Package 'R2DT'

Title: Translation of Base R-Like Functions for 'data.table' Objects
Description: Some heavily used base R functions are reconstructed to also be compliant to data.table objects. Also, some general helper functions that could be of interest for working with data.table objects are included.
Authors: Robin Van Oirbeek
Maintainer: Robin Van Oirbeek <[email protected]>
License: GPL-3
Version: 0.2
Built: 2025-02-25 06:01:33 UTC
Source: https://github.com/cran/R2DT

Help Index


Forcing the character/string data type on a selected set of columns of a data.table object

Description

Forcing the character/string data type on a selected set of columns of a data.table object

Usage

asCharacterDT(inputDT, colNamesToBeTransformed = NULL)

Arguments

inputDT

data.table object containing the data of interest. This is an obligatory argument, without default value.

colNamesToBeTransformed

Character vector containing potential column names of the 'inputDT' argument. The default value is NULL.

Value

No value is returned. Note that a valid value needs to be supplied to the 'colNamesToBeTransformed' argument in order to make this function work.

Examples

library(data.table)
inputDT <- as.data.table(data.frame(x = seq(1, 20, 2), y = LETTERS[1:10]))
asFactorDT(inputDT, c('y'))

asCharacterDT(inputDT)
asCharacterDT(inputDT, c('x', 'y'))

# First looking at the result, followed by testing if the transformation worked!

inputDT
isCharacterDT(inputDT, c('x', 'y'))
isFactorDT(inputDT, c('x', 'y'))

Forcing the character/string data type on a selected set of columns of a data.table object

Description

Forcing the character/string data type on a selected set of columns of a data.table object

Usage

asFactorDT(inputDT, colNamesToBeTransformed = NULL)

Arguments

inputDT

data.table object containing the data of interest. This is an obligatory argument, without default value.

colNamesToBeTransformed

Character vector containing potential column names of the 'inputDT' argument. The default value is NULL.

Value

No value is returned.

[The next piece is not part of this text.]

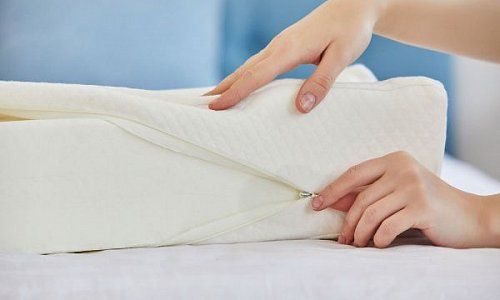 Как ухаживать за ортопедической подушкой?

Note that a valid value needs to be supplied to the 'colNamesToBeTransformed' argument in order to make this function work.

Examples

library(data.table)
inputDT <- as.data.table(data.frame(x = seq(1, 20, 2), y = LETTERS[1:10]))
asFactorDT(inputDT, c('y'))

asCharacterDT(inputDT)
asCharacterDT(inputDT, c('x', 'y'))

# First looking at the result, followed by testing if the transformation worked!

inputDT
isCharacterDT(inputDT, c('x', 'y'))
isFactorDT(inputDT, c('x', 'y'))

Forcing the integer data type on a selected set of columns of a data.table object

Description

Forcing the integer data type on a selected set of columns of a data.table object

Usage

asIntegerDT(inputDT, colNamesToBeTransformed = NULL)

Arguments

inputDT

data.table object containing the data of interest. This is an obligatory argument, without default value.

colNamesToBeTransformed

Character vector containing potential column names of the 'inputDT' argument. The default value is NULL.

Value

No value is returned. Note that a valid value needs to be supplied to the 'colNamesToBeTransformed' argument in order to make this function work.

Examples

library(data.table)
inputDT <- as.data.table(data.frame(x = seq(1, 20, 2), y = LETTERS[1:10]))
asFactorDT(inputDT, c('y'))

asIntegerDT(inputDT)
asIntegerDT(inputDT, c('x', 'y'))

# First looking at the result, followed by testing if the transformation worked!

inputDT
isIntegerDT(inputDT, c('x', 'y'))

# Note the following behavior that also holds for the as.integer() base R function.
isNumericDT(inputDT, c('x', 'y'))

Forcing the logical/boolean data type on a selected set of columns of a data.table object

Description

Forcing the logical/boolean data type on a selected set of columns of a data.table object

Usage

asLogicalDT(inputDT, colNamesToBeTransformed = NULL)

Arguments

inputDT

data.table object containing the data of interest. This is an obligatory argument, without default value.

colNamesToBeTransformed

Character vector containing potential column names of the 'inputDT' argument. The default value is NULL.

Value

No value is returned. Note that a valid value needs to be supplied to the 'colNamesToBeTransformed' argument in order to make this function work.

Examples

library(data.table)
inputDT <- as.data.table(data.frame(x = seq(1, 20, 2), y = LETTERS[1:10]))
asFactorDT(inputDT, c('y'))

asLogicalDT(inputDT)
asLogicalDT(inputDT, c('x', 'y'))

# First looking at the result, followed by testing if the transformation worked!

inputDT
isLogicalDT(inputDT, c('x', 'y'))

# Notice the 'funny' side effect for the 'F' character value of column y...
# This behavior is also observed for the as.logical() base R function.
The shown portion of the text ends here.